WHAT YOU ARE ASKED TO DO: From the records below, please repeat exactly the line that has "mazine Sweatshirt '", the line that has "Basen 218x218x48cm + pływający stół BESTWAY", and every line between them, and nothing else.

*** RECORDS SHOWN ***

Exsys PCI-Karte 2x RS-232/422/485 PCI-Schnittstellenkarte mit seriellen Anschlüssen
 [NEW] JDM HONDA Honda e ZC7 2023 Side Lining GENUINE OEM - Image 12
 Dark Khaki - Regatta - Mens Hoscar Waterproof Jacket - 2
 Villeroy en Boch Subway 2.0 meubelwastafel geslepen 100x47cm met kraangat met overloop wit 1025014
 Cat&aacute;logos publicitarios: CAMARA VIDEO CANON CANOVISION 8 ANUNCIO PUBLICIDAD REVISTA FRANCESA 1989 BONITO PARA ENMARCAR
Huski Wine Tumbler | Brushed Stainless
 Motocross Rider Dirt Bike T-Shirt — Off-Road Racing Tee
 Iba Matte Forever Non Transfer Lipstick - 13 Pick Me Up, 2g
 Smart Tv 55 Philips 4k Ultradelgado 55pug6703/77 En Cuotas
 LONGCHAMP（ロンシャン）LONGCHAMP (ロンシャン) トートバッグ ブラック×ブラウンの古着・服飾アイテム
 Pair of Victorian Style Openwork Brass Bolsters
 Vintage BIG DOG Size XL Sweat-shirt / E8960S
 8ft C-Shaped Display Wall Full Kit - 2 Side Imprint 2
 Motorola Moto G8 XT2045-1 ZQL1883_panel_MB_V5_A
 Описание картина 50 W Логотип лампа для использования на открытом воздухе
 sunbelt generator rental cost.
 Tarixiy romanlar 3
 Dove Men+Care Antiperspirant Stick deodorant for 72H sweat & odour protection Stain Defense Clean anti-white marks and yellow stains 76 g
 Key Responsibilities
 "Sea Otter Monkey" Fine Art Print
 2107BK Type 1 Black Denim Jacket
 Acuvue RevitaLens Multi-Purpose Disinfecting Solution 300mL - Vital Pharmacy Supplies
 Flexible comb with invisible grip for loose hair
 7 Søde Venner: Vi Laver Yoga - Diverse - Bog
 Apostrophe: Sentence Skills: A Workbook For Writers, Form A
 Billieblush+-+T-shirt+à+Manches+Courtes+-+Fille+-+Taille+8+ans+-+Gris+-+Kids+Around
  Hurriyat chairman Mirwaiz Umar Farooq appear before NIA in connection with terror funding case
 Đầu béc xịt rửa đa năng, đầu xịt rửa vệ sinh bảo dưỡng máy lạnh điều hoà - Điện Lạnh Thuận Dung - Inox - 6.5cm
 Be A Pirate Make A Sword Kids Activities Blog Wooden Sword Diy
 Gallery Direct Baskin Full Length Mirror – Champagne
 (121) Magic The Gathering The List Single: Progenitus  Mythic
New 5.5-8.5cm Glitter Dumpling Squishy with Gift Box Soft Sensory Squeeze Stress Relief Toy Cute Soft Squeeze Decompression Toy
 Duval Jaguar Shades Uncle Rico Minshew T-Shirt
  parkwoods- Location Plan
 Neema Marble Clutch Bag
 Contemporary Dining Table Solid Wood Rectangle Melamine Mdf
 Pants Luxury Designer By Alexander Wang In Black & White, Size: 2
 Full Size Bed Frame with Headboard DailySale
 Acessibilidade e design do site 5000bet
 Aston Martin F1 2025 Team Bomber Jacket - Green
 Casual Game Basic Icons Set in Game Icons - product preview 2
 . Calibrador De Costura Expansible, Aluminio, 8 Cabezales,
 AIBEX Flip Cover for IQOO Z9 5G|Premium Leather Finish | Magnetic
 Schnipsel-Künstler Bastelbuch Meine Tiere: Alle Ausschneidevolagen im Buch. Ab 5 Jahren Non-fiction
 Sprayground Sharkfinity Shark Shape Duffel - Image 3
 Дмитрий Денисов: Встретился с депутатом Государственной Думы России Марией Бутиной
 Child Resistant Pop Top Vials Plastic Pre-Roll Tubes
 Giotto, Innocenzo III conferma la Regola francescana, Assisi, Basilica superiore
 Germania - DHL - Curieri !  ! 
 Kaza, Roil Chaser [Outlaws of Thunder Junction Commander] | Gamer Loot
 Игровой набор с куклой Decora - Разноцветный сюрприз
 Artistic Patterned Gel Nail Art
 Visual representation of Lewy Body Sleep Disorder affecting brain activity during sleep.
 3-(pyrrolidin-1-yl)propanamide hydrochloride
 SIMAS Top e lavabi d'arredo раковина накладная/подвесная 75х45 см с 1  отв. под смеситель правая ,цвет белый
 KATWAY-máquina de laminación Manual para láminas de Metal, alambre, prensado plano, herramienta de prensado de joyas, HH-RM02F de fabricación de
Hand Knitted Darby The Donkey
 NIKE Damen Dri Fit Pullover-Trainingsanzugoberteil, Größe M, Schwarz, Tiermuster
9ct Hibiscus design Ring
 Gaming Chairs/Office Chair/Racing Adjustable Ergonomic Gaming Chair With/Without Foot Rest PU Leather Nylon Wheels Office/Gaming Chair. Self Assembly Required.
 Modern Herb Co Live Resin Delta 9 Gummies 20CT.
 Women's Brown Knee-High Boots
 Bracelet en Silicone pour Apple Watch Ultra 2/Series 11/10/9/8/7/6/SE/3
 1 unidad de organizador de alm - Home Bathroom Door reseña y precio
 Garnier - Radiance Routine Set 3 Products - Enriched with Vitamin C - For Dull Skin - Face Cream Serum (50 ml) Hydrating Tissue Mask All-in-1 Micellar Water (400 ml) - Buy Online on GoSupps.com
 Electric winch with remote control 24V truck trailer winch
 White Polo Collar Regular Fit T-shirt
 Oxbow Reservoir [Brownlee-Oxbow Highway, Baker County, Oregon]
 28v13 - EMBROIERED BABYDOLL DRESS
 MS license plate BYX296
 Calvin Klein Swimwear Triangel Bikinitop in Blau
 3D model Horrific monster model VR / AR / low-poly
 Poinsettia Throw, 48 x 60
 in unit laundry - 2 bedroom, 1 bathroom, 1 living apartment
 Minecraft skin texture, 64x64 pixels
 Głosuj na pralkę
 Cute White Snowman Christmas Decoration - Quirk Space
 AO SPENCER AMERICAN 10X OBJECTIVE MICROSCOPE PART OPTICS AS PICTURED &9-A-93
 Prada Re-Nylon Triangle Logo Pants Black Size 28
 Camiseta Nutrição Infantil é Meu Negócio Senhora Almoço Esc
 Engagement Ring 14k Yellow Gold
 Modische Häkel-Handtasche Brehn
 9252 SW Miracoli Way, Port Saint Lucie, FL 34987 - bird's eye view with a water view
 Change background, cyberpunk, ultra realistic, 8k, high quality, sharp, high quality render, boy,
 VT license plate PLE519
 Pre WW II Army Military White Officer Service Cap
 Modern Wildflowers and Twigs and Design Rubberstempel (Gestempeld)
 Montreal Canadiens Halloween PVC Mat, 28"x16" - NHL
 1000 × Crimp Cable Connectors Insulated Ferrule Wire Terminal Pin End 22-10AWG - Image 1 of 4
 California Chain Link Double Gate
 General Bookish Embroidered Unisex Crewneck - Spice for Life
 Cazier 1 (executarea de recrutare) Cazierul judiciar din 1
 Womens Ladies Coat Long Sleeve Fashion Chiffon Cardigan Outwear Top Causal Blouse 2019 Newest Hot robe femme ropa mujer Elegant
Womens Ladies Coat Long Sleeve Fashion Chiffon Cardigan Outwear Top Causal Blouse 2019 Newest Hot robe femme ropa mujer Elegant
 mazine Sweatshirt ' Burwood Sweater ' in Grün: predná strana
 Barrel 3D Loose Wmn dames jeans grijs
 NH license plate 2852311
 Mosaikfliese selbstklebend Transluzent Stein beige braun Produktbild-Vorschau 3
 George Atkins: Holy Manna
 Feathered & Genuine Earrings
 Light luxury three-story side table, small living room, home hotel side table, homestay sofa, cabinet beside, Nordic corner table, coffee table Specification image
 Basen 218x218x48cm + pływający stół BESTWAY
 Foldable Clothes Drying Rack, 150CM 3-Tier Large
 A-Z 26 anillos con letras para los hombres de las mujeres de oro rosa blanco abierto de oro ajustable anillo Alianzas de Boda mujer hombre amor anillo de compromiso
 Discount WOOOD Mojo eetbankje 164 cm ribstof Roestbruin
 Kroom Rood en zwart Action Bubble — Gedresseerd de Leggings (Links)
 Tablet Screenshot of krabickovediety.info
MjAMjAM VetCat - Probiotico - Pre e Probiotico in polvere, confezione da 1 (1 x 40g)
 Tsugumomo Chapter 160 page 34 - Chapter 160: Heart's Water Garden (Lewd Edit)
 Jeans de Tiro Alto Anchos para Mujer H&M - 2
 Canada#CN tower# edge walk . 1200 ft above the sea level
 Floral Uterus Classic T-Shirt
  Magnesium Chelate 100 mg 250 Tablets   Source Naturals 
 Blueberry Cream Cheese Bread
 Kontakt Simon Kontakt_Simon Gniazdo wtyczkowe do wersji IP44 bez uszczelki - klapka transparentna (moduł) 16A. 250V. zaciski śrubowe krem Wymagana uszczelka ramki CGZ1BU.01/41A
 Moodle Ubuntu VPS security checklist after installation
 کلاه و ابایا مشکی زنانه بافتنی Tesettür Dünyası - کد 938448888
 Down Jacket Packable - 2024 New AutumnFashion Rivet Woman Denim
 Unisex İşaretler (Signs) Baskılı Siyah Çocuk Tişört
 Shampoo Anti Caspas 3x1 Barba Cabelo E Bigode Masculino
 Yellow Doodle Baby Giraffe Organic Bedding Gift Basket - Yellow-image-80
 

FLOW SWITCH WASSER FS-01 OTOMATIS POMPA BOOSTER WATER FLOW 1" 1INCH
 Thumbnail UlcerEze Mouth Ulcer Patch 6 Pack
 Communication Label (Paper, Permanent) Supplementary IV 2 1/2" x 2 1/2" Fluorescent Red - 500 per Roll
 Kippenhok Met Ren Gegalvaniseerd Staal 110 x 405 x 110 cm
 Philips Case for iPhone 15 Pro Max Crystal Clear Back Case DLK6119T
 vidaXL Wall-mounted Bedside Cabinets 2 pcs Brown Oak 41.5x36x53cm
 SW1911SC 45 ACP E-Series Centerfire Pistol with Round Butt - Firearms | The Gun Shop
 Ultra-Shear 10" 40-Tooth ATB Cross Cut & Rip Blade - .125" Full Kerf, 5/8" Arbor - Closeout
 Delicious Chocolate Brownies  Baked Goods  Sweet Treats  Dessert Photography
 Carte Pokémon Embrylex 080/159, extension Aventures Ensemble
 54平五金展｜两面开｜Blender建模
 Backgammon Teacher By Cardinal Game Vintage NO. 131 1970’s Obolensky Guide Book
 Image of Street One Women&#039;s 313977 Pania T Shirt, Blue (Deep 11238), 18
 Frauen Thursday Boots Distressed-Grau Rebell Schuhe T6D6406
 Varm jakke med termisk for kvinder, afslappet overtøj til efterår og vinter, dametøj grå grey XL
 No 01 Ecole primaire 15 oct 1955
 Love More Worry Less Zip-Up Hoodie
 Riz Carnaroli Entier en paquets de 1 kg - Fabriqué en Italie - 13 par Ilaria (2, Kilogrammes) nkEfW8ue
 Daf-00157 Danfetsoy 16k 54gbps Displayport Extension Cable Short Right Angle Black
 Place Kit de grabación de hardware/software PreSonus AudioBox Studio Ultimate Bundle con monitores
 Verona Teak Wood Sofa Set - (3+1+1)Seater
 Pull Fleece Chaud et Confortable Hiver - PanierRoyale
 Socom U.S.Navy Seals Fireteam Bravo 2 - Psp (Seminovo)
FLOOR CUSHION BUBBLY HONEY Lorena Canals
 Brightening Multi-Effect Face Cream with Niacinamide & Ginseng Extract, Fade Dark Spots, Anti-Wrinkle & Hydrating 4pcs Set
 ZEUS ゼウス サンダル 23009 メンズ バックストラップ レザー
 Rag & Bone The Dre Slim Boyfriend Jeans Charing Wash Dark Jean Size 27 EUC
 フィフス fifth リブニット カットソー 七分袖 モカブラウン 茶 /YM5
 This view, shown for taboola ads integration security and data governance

*** End of RECORDS SHOWN ***

EXERCISE RESULT:
 mazine Sweatshirt ' Burwood Sweater ' in Grün: predná strana
 Barrel 3D Loose Wmn dames jeans grijs
 NH license plate 2852311
 Mosaikfliese selbstklebend Transluzent Stein beige braun Produktbild-Vorschau 3
 George Atkins: Holy Manna
 Feathered & Genuine Earrings
 Light luxury three-story side table, small living room, home hotel side table, homestay sofa, cabinet beside, Nordic corner table, coffee table Specification image
 Basen 218x218x48cm + pływający stół BESTWAY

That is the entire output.